Hace poco volví a ver Medianoche en París. No recordaba de esa película un diálogo en el que, sin embargo, reparé al volver a verla, al punto que transcribí en un cuaderno (y ahora paso “en limpio”), esa escena en la que Marion Cotillard y Owen Wilson (interpretando los papeles de Adriana y Gil Pender) conversan en el rincón de un bar.
Han llegado allí luego de un “viaje en el tiempo” con un taxi antiguo. Pender es en 2010 un exitoso pero desilusionado guionista de Hollywood que viaja rumbo a París para pasar allí unas vacaciones con su mujer y sus adinerados suegros, pero en su mente sólo aparece la obsesión por terminar de escribir su primera novela. Paseando por la ciudad, medio borracho, se sube una noche a ese taxi y termina en los “gloriosos años veinte”, cuando “París era una fiesta”, al decir del escritor Ernest Hemingway, uno de los tantos “notables” con los que Gil se cruza al traspasar las fronteras temporales, como Scott y Zelda Fitzgerald, Salvador Dalí y Luis Buñel. También allí estaba Adriana (entonces amante de Pablo Picasso), de quien nuestro protagonista se siente fuertemente atraído y con quien viaja a su vez desde los años 20 a la Belle Époque (hacia 1890) donde ella –fascinada– quiere quedarse. Es entonces cuando se produce el diálogo entre ambos:
-Ella: el presente es aburrido.
-Él: traté de escapar de mi presente, tal como tú tratas de escapar del tuyo a una Edad de Oro.
-Ella: ¿no creerás que los años 20 son una edad de oro?
-Él: ¡sí, para mí, sí!
-Ella: pero soy de los años 20 y te digo que la Edad de Oro es La Belle Époque.

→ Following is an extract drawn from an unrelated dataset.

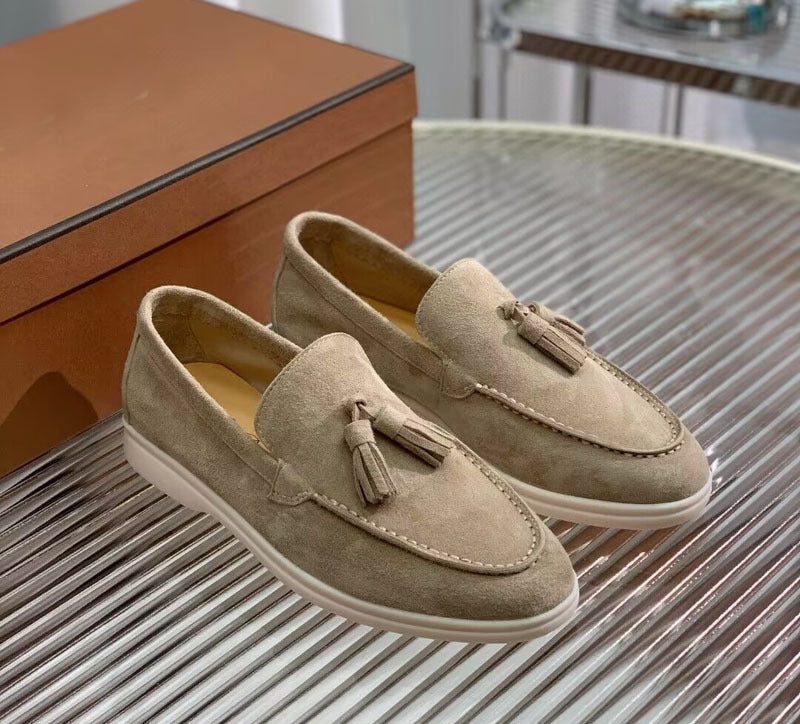 Old Money Suede Tassel Slip-on Loafers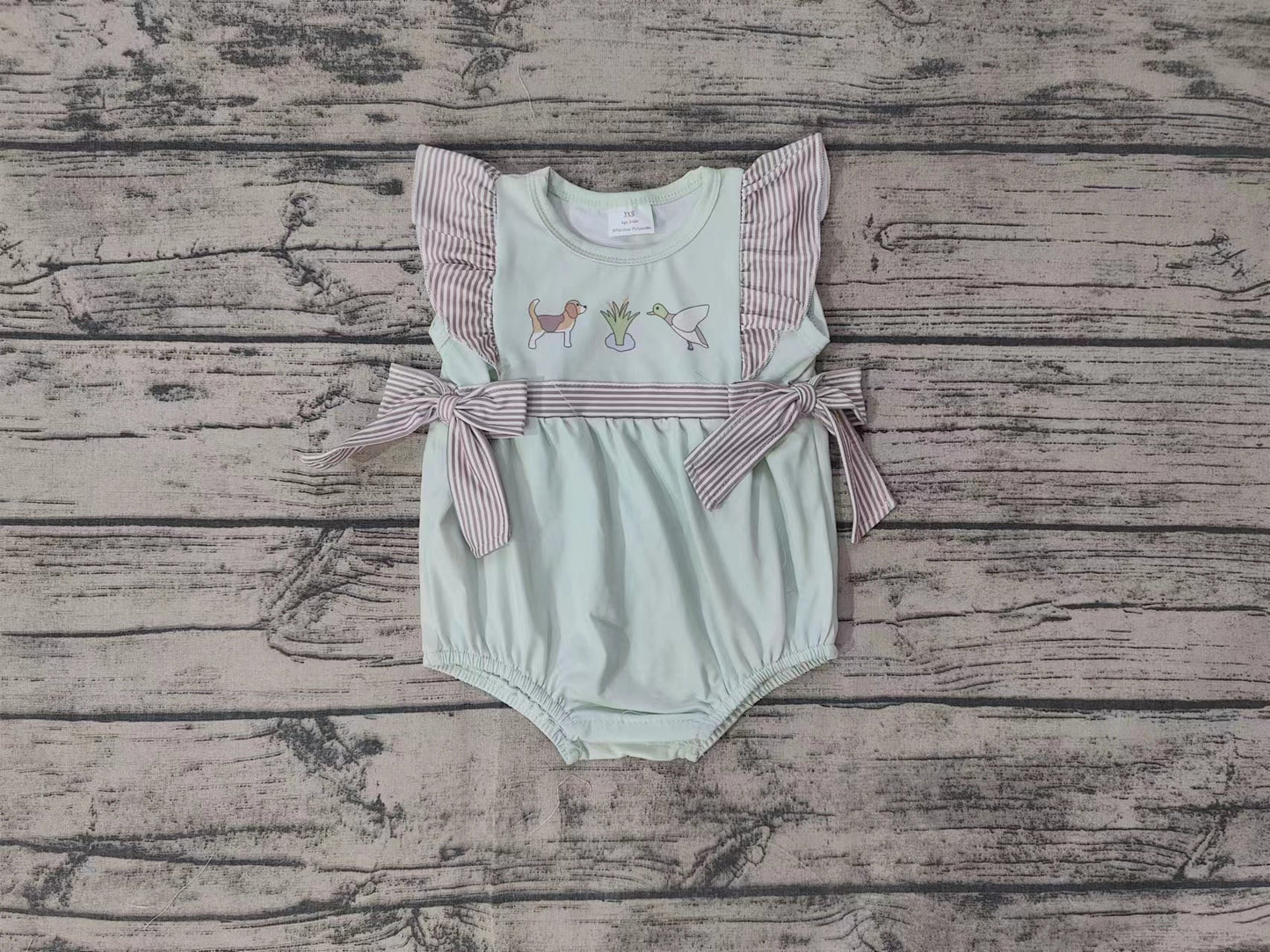 Baby Girl Short Sleeves Dog Duck Bows Hunting Bubble Romper RTS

-Él: míralos a ellos, su Edad de Oro fue el Renacimiento. Ellos cambiarían La Belle Époque por pintar al lado de Tiziano y de Miguel Ángel. Y es probable que ellos pensasen que la vida era mejor en épocas del Kubla Khan. Acabo de darme cuenta de algo. No es nada grande, pero explica la ansiedad que tuve en un sueño.
-Ella: ¿qué sueño?
-Él: la otra noche tuve una pesadilla en la que me quedé sin antibióticos. Fui al dentista y no tenía anestesia. ¿Me entiendes? Estas personas no tienen antibióticos.
-Ella: ¿de qué hablas?
-Él: si te quedas aquí y esto se convierte en tu presente, muy pronto comenzarás a imaginarte otra época, que sea en verdad tu edad de oro. Así es el presente. No es del todo satisfactorio porque la vida tampoco lo es.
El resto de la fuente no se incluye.